"""

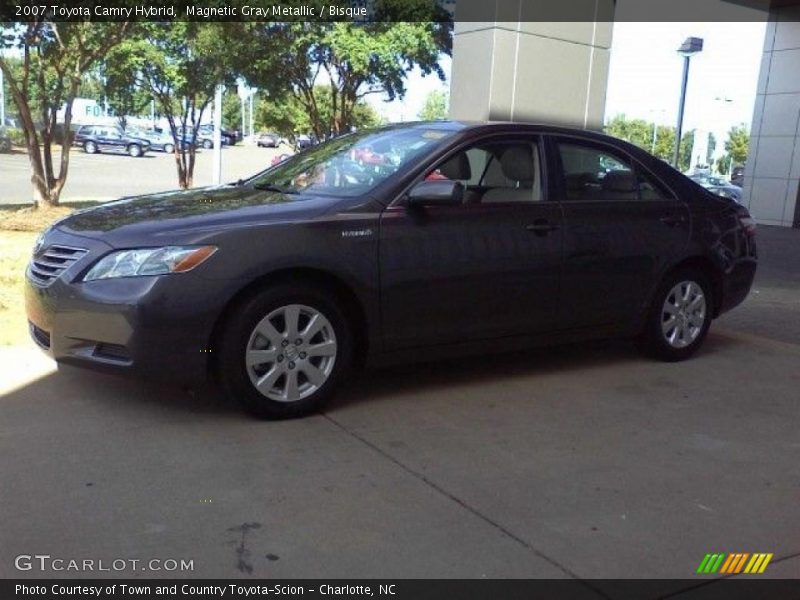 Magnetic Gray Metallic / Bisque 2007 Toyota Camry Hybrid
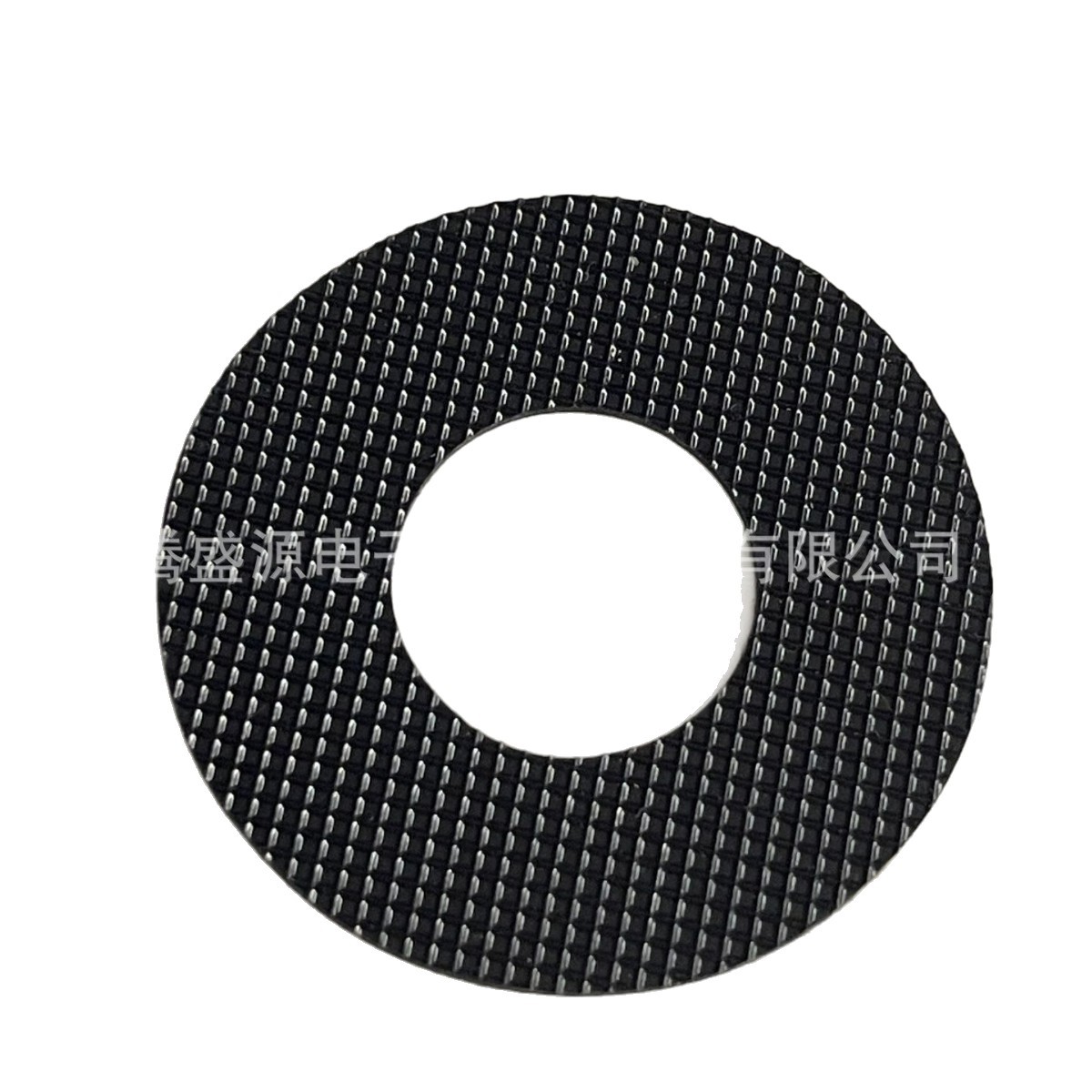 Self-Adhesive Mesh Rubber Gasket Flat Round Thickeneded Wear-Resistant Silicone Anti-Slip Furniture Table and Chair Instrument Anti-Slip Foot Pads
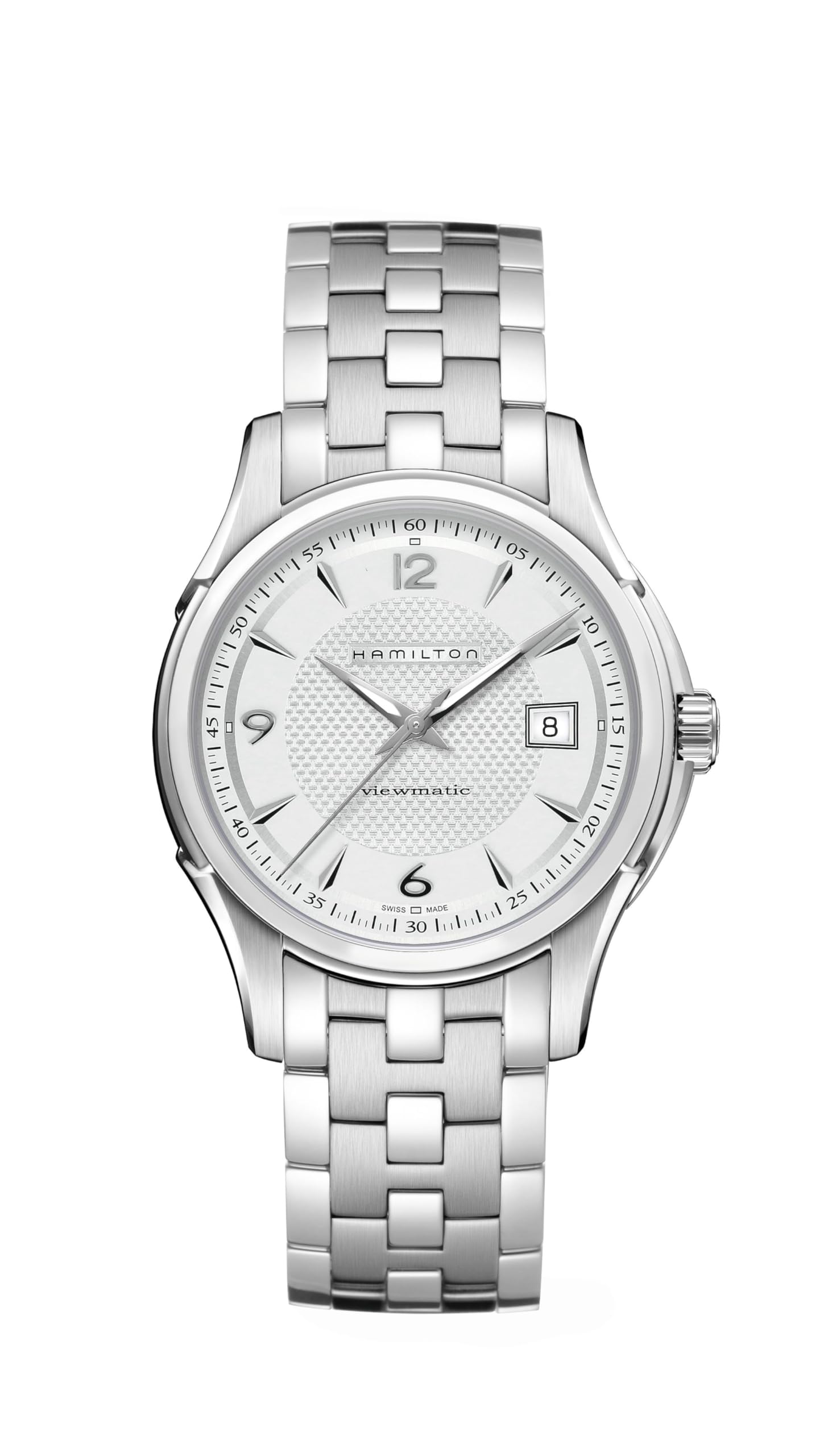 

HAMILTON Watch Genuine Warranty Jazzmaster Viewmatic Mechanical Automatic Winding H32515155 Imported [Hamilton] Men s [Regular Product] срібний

"""

ASSIGNED TASK: To complete the exercise, return the listing above exactly and omit its pictures.

RESPONSE TO THE EXERCISE:
 Magnetic Gray Metallic / Bisque 2007 Toyota Camry Hybrid
 Self-Adhesive Mesh Rubber Gasket Flat Round Thickeneded Wear-Resistant Silicone Anti-Slip Furniture Table and Chair Instrument Anti-Slip Foot Pads

HAMILTON Watch Genuine Warranty Jazzmaster Viewmatic Mechanical Automatic Winding H32515155 Imported [Hamilton] Men s [Regular Product] срібний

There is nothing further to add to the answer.